The discussion about which syntax to use is omitted at this moment. Which exact syntax to use adds little value to the main problem of which generics approach to use. This problem can also introduce a lot of unnecessary bikeshedding. The discussion of this subject is suspended until other sections have sufficient quality.


Additional Comments

Russ Cox comment in a Hacker News thread:

Source https://news.ycombinator.com/item?id=9622417

I'm sorry, but no: Generics are a technical issue and are not a political one. The Go team is not against generics per se, only against doing things that are not well understood and/or don't work well with Go.

There are deep technical issues that must be solved to fit the idea of generics into Go in a way that works well with the rest of the system, and we don't have solutions to those. I wrote on my blog about one issue years ago (http://research.swtch.com/generic), but there are others too. Even supposing you get past the problem on that page, the next thing you would run into is how to allow programmers to omit type annotations in a useful, easy-to-explain way. As an example, C++ lets you write make_pair(1, "foo") instead of make_pair<int, string>(1, "foo"), but the logic behind inferring the annotations takes pages and pages of specification, which doesn't make for a particularly understandable programming model, nor something the compiler can easily explain when things go wrong. And then there's a princess in another castle after that one I am sure.

We have spoken to a few true experts in Java generics and each of them has said roughly the same thing: be very careful, it's not as easy as it looks, and you're stuck with all the mistakes you make. As a demonstration, skim through most of http://www.angelikalanger.com/GenericsFAQ/JavaGenericsFAQ.ht... and see how long before you start to think "was this really the best way to do this?" (For example, http://www.angelikalanger.com/GenericsFAQ/FAQSections/TypePa..., but note that the latter page is only one part of the FAQ, not the entire FAQ.)

To be very clear, we acknowledge this fact: there are definite disadvantages to not having generics. You either use interface{} and give up compile-time checking or you write code generators and complicate your build process. But there are also definite disadvantages to generics as implemented in existing languages, and there is a very large advantage to not compromising today: it makes adopting a better solution tomorrow that much easier.

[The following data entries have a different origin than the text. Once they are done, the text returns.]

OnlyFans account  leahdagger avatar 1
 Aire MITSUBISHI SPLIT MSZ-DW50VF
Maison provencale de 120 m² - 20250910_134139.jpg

As I said in the interview at http://www.pl-enthusiast.net/2015/03/25/interview-with-gos-r...:

> Go is more an engineering project than a pure research project. Like most engineering, it is fundamentally conservative, using ideas that are proven and well understood and will work well together. The research literature’s influence comes mainly through experience with its application in earlier languages. For example, the experience with CSP applied in a handful of earlier languages—Promela, Squeak, Newsqueak, Alef, Limbo, even Concurrent ML—was just as crucial as Hoare’s original paper to bringing that idea to practice in Go. Programming language researchers are sometimes disappointed that Go hasn’t picked up more of the recent ideas from the literature, but those ideas simply haven’t had time to pass through the filter of practical experience.

I believe generics is one of those ideas. It certainly needs at least one more iteration, possibly a few more than that.